インドのカレーでは珍しく小麦を使うので、日本食でいうあんかけのようにやや透明がかったとろりとしたグレービーが特徴だ。

グレービーを一口飲んでみると、しっかりラムの風味が溶けだしていてこれはうまい。パラタをちぎってグレービーと一緒に食べる。とろみのおかげでパラタにしっかり乗ってとても合う。パラタも表面にほんのりザクザク感があり、なかなかいい。

レモンを絞るとまたすっきりとした味になってうまい。骨を手に持ってラムにかぶりつくのもマンガ肉を食べるようで楽しい。(調理プロセスを見ていないので想像だが、ラムは一度調理したあと冷蔵しているようで皿に触れている底面がやや冷たかったのが残念。肉全体はちょうどよい温度だったので、提供する前にもう少しグレービーと合わせて温めたるか、皿自体を温めておくとより素晴らしくなるはず)
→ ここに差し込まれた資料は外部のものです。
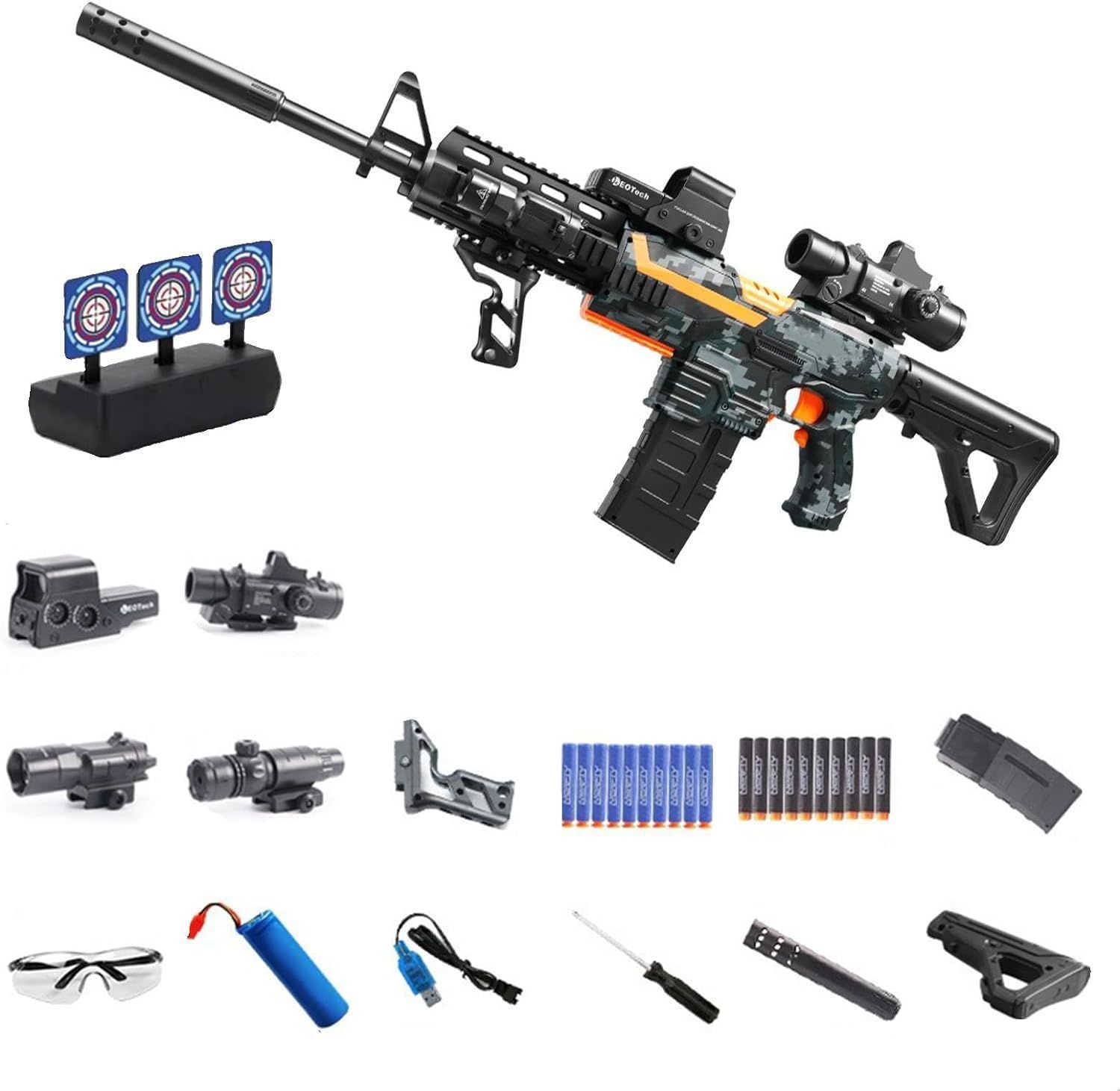 M416ショットガン風おもちゃ銃 電動おもちゃガン バースト自動シェル排出ソフト弾丸銃 子供のおもちゃの銃、バーストソフト弾丸銃 銃 ハンドガン 男の子 誕生日ギフト おもちゃ銃 スポンジ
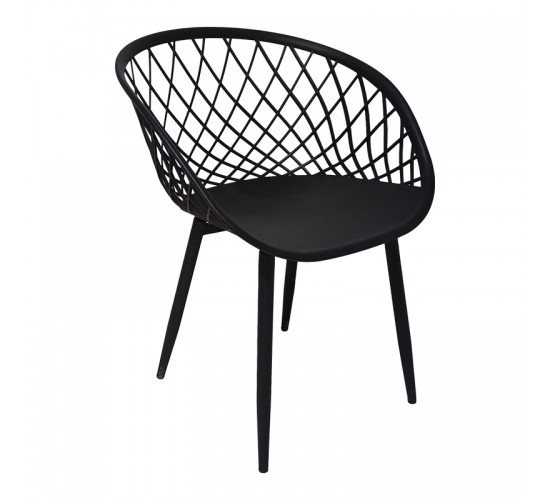 Τραπεζαρία Ezra-Balou σετ 5τεμ pp-mdf σε μαύρη απόχρωση Φ120x76εκ Υλικό: MDF - PP 200-001031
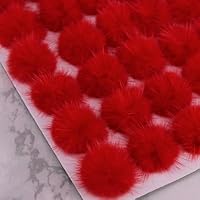 50/25pcs 40mm Pompom Balls for Sewing On Knitted Keychain Scarf Shoes Hats DIY Jewelry Crafts Accessories Craft Decorations ( Color : Red , Size : 40mm 25pcs )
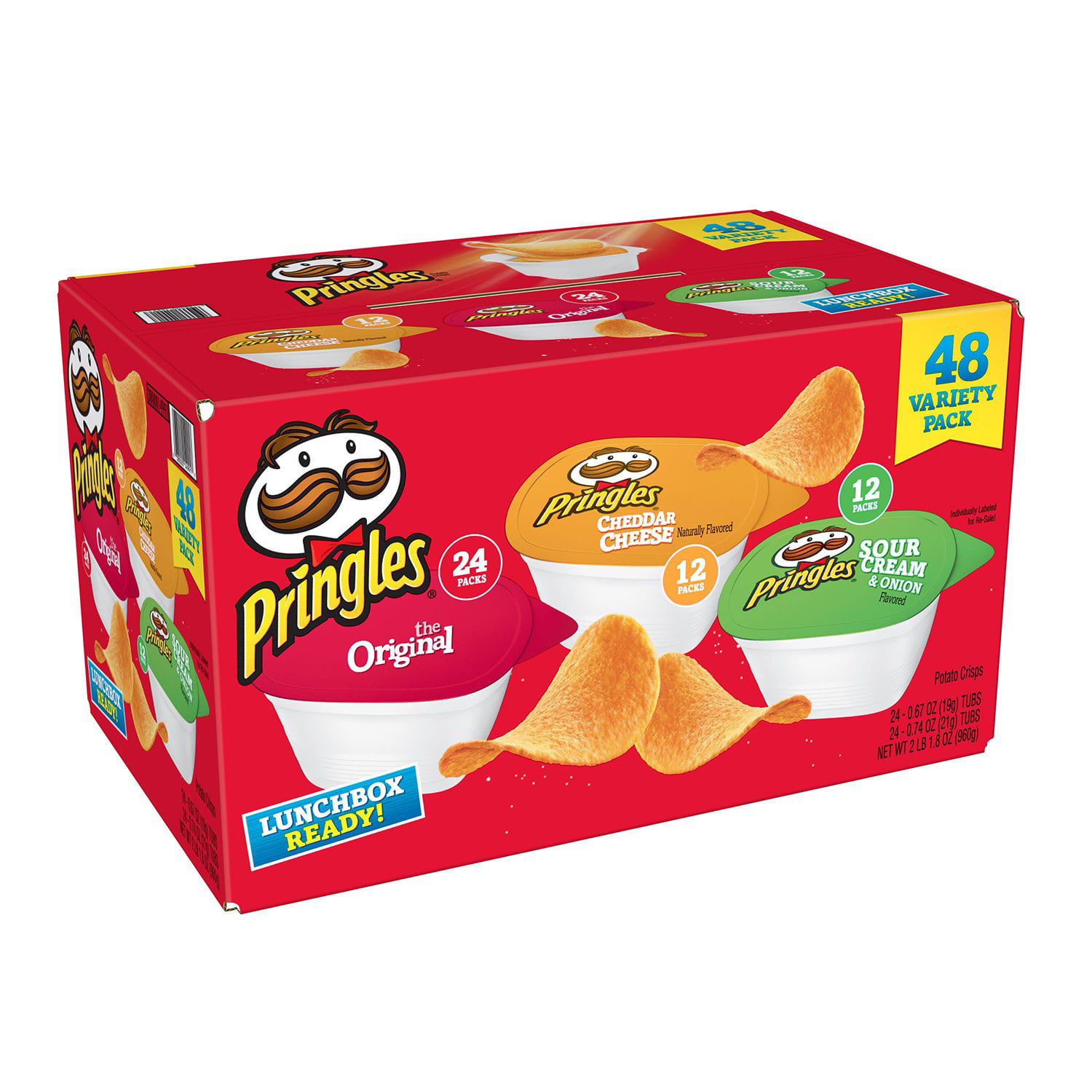 Pringles, KEB14991, Crisps Grab 'N Go Variety Pack, 48 / Box - Walmart ...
ともあれ、ふらっと入った店で予想外に美味しいニハリとパラタが食べられたのは大満足。いつもあるメニューなのかはわからないが、またぜひ食べたくなる味だ。
別の日に食べたビリヤニも、「ライタをビリヤニと合わせる意味がやっとわかった」と思えた素晴らしい組み合わせだった。ある意味「日本向けにチューニングされきっていない」味な気もするが、反対方向として「オニオングレービーをベースにしたバターチキンとナン食べ放題」のようなテンプレート的なインネパ系とは異なる料理が食べられる貴重な店だと思う。